🤖 AI Summary
Conventional covariance-based neural networks (VNNs) rely on precomputed dense covariance matrices for graph construction, failing to capture conditional independence among variables and decoupling graph structure learning from downstream tasks. Method: We propose Precision Neural Networks (PNNs), which perform graph convolution directly on the inverse covariance (precision) matrix. PNNs jointly optimize network parameters and a sparse precision matrix in an end-to-end manner, enabling task-aware graph structure learning. A spectral constraint ensures covariance consistency, and theoretical analysis quantifies precision estimation error.
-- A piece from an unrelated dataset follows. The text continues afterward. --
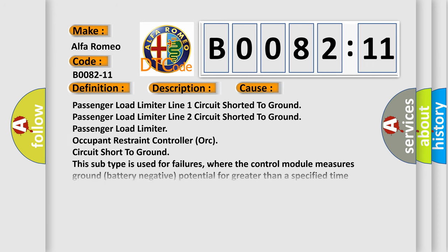This diagnostic error occurs most often in these cases: Passenger Load Limiter Line 1 Circuit Shorted to Ground, Passenger Load Limiter Line 2 Circuit Shorted to Ground, Passenger Load Limiter Occupant Restraint Controller ORC Circuit Short to Ground.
The sparsity of the learned precision matrix explicitly encodes conditional independence, enhancing model interpretability and generalization. Results: Experiments on synthetic and real-world datasets demonstrate that PNNs significantly outperform two-stage approaches (graph learning followed by separate model training) in both graph structure accuracy and downstream task performance.
📝 Abstract
CoVariance Neural Networks (VNNs) perform convolutions on the graph determined by the covariance matrix of the data, which enables expressive and stable covariance-based learning. However, covariance matrices are typically dense, fail to encode conditional independence, and are often precomputed in a task-agnostic way, which may hinder performance. To overcome these limitations, we study Precision Neural Networks (PNNs), i.e., VNNs on the precision matrix -- the inverse covariance. The precision matrix naturally encodes statistical independence, often exhibits sparsity, and preserves the covariance spectral structure. To make precision estimation task-aware, we formulate an optimization problem that jointly learns the network parameters and the precision matrix, and solve it via alternating optimization, by sequentially updating the network weights and the precision estimate. We theoretically bound the distance between the estimated and true precision matrices at each iteration, and demonstrate the effectiveness of joint estimation compared to two-step approaches on synthetic and real-world data.